The two teach modern dance at the Creative and Performing Arts Center at Thomas Pullen School, the Washington area's only elementary school dedicated to the fine arts. One of a few of its kind in the nation, the school sets aside more than a quarter of class time for daily instruction and training in instrumental and choral music, art, drama and modern dance and ballet, with older students opting to major in one of those fields.
The school opened this fall in Prince George's County, with 50 teachers selected from a pool of 250 applicants. And Tester and Forman know well what a rare opportunity they have in getting a full-time dance position in public education, where arts classes are typically limited to music and visual arts. Tester, a graduate of the University of Maryland who has performed with the Maryland Dance Theater, has done virtually everything associated with her art: teaching yoga, gymnastics and tap and exercise classes on part-time and freelance arrangements. "It's a settling down for me," Tester said recently.
Forman, on the other hand, has for the last 18 years earned a living teaching physical education in Prince George's County, sneaking in dance when she could. "I loved rainy days so we could stay in. Winter was always good," the Juilliard graduate said.
Their charges at Pullen this year include most of the 600 children in kindergarten through eighth grade. A part-time instructor conducts ballet classes.
A visit to a typical Tester or Forman class (held in the gymnasium while construction of two dance studios is completed) shows that clearly not all the students are bound for the Washington Ballet. A portly boy strikes a triangle, signaling a movement change to 20 barefooted youngsters dressed in everything from jeans and tropical print shirts to the standard black leotards. They alternate connecting their various joints and body parts -- knee to head, elbow to shoulder -- in an exercise in counting and stationary movement. "It's balance and coordination," says Tester.

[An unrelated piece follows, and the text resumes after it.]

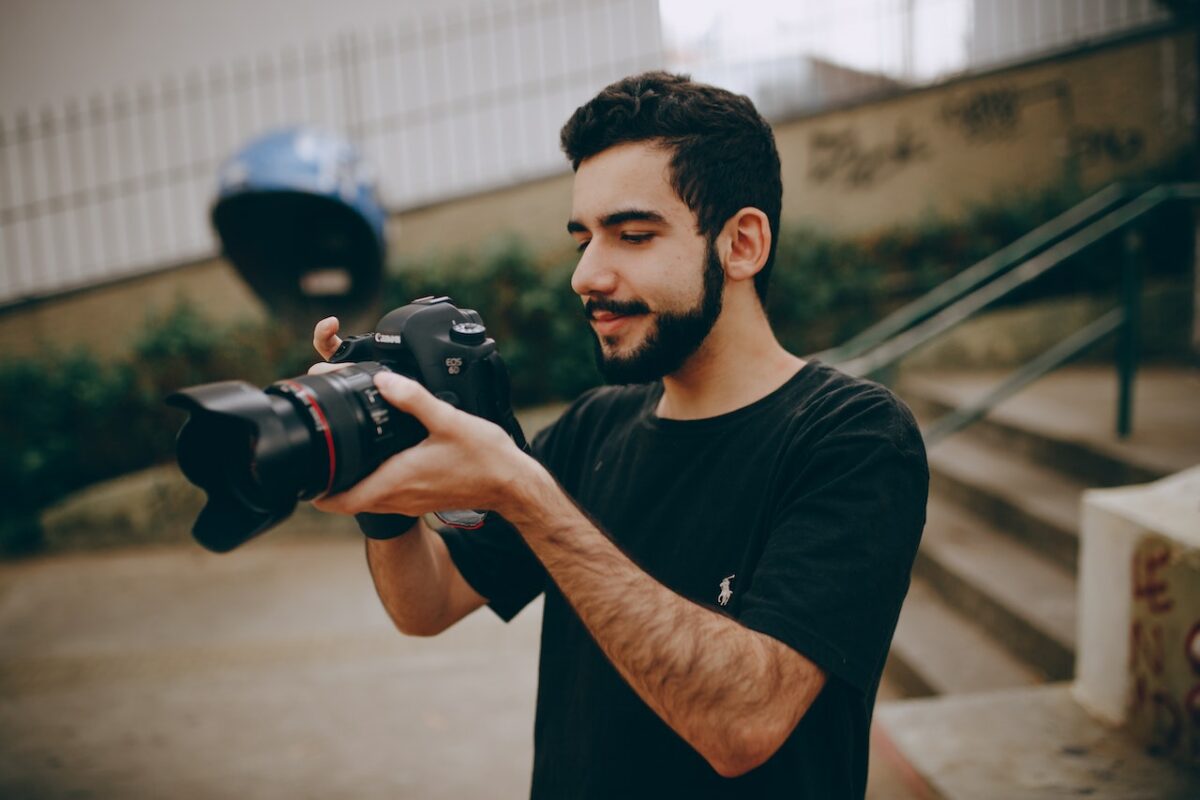 A man wearing a black shirt is holding a black DSLR camera while standing near concrete stairs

But as any public school teacher will tell you, it's more than that. For those who have not set their goals on toe-shoes, Forman and Tester also teach the basic socialization skills of cooperation and following directions that most teachers have to deal with. If they are not turning out master dancers, at least they are turning out future citizens with a true appreciation of the dance. "I've never worked in public schools," Tester said recently. "I'll be able to see the growth of the kids. I'll be able to see the fruits of my labor."